Silver Point Capital
- Industry: Hedge fund
- Founded: 2002; 24 years ago
- Founders: • Robert J. O’Shea; • Edward A. Mulé;
- Headquarters: Greenwich, Connecticut
- AUM: US$42 billion (December 2025)
- Website: www.silverpointcapital.com

= Silver Point Capital =

Connecticut-based hedge fund

Silver Point Capital is a Greenwich, Connecticut-based hedge fund that focuses on credit and special situations investments.

In 2014, Silver Point ranked No. 1 overall in Institutional Investor's annual Hedge Fund Report Card survey. The fund received the highest scores out of all hedge funds across Alpha Generation, Alignment of Interests, and Transparency. In 2021, the company reported to manage approximately $20 billion in assets.

== History ==
Silver Point Capital was founded in 2002 by former Goldman Sachs partners Edward A. Mulé and Robert J. O’Shea. Mulé headed or co-headed Goldman's Special Situations Investing Business from 1999 to 2001. O'Shea founded and headed Goldman's Global Bank Loan Business, and headed Goldman's Global High Yield Business. Together, they created and led Goldman's distressed debt and special situation lending businesses before leaving to create Silver Point.

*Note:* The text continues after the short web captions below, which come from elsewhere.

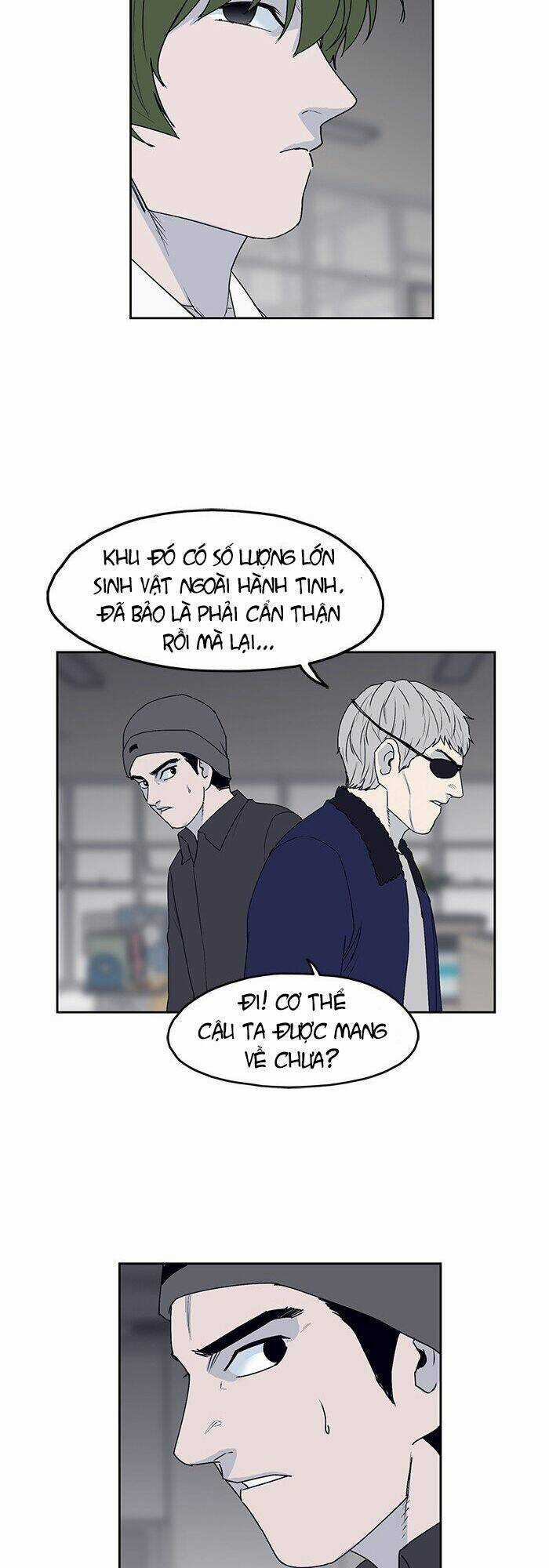 Arma - Chapter 30 - Trang 34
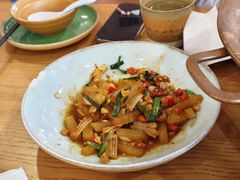 -吃饭皇帝大土家民族菜(正大广场店)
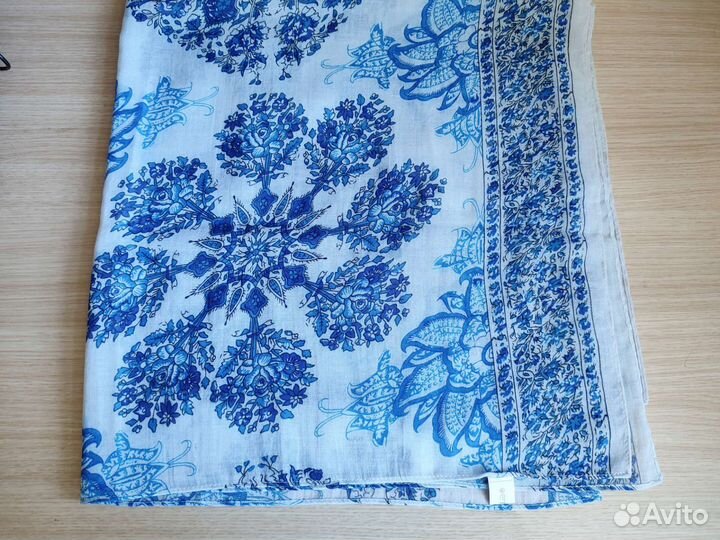 Шарф палантин женский 180х80 см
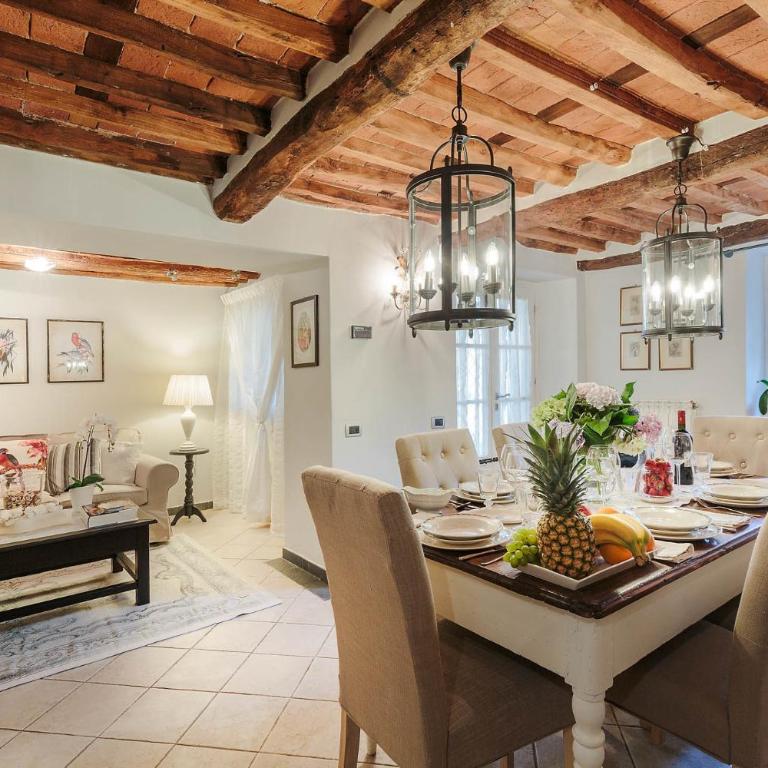 Villa Matilde, with Private Pool on the Lucca Hills - Appartamento con 3 Camere da Letto - 21
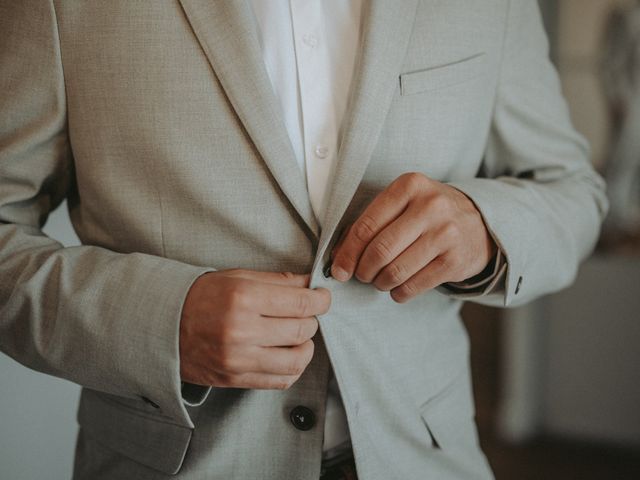 Le mariage de Gaetan et Lucie à Le Crest, Puy-de-Dôme 19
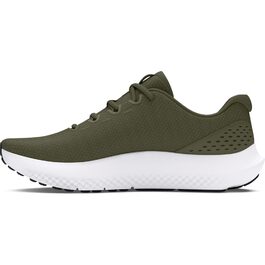Кросівки чоловічі Under Armour Charged Surge 4 Marine Od Green/White (45 EU)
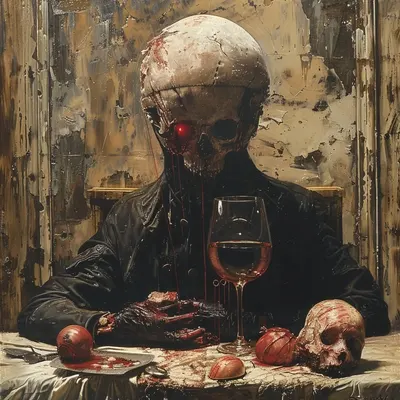 Slaughter of the Innocents - AI artwork, 18 May 2024
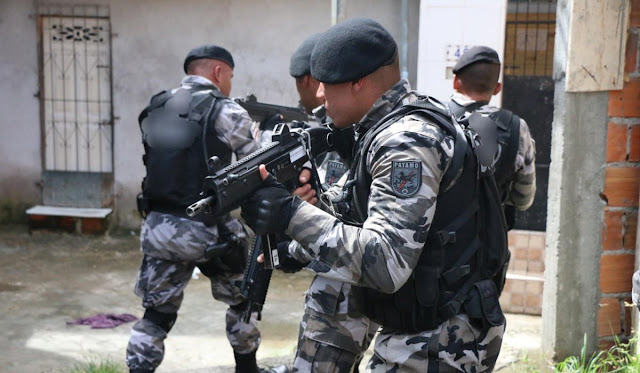 Morre quinto suspeito em confronto com a polícia em Salvador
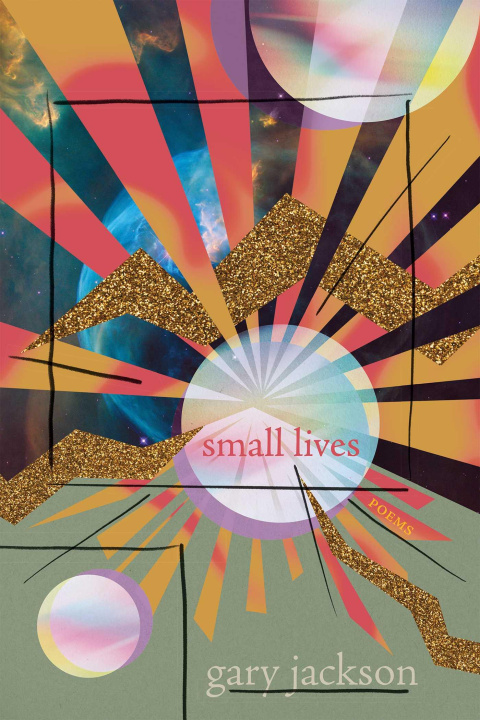 Kniha SMALL LIVES JACKSON GARY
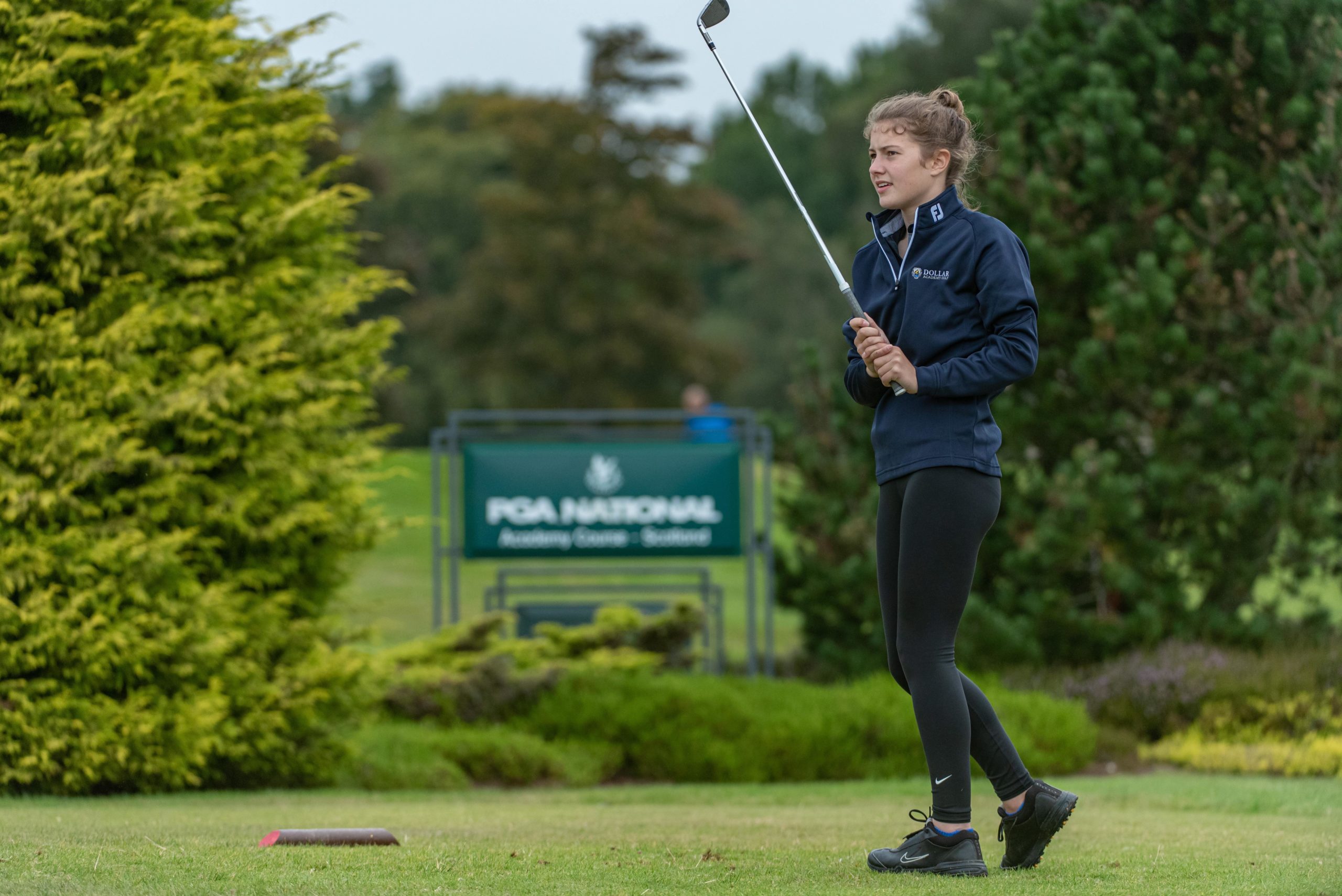Dollar-Academy-and-Gleneagles-‘tee-off-with-launch-of-new-golf-programme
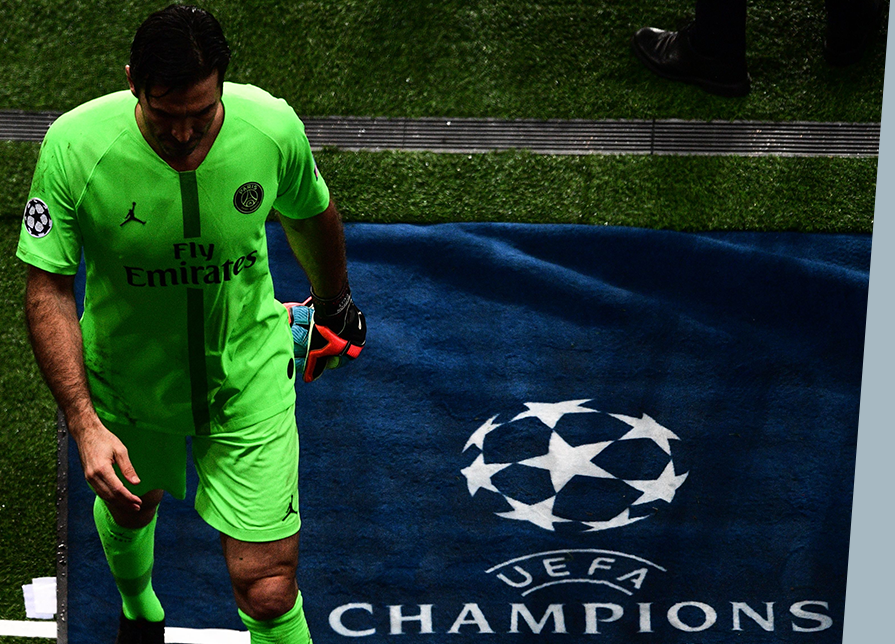 Đội hình huyền thoại chưa từng vô địch Champions League: Ronaldo và 3 QBV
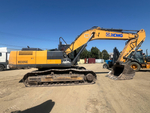 XCMG XE335 Экскаватор XE335C (Дизельный, 7,8 л, 259 л.с., АТ)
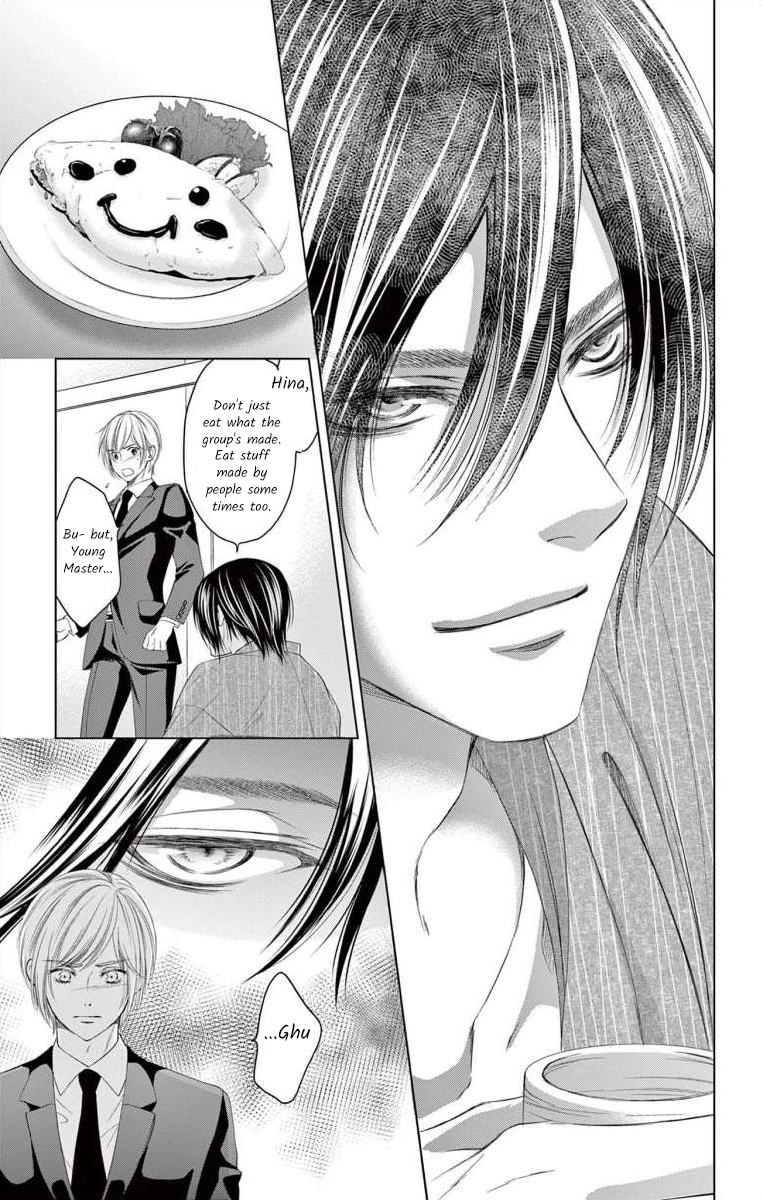 Saiai no Otoko ni Juukou o Chapter 7 page 29 -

By 2008 the firm managed several billion dollars, but it was hit by the global financial crisis, with one flagship fund reportedly posting a drawdown of more than 30% and assets declining from about $9.3 billion to $6.5 billion over the course of 2008.

The firm subsequently recovered by investing in corporate bankruptcies, restructurings and liquidations that followed the crisis, and remained one of the more prominent credit-oriented hedge funds through the early 2010s.

During the 2010s and early 2020s Silver Point broadened its platform beyond hedge funds into private credit strategies, including direct lending and distressed-debt funds. Trade publication 'Private Debt Investor' has reported on a series of capital-raising efforts, including a distressed opportunities vehicle launched in 2019 and subsequent credit funds that reached or exceeded their fundraising targets, as well as a second direct-lending fund that hit its $2 billion hard cap in 2021.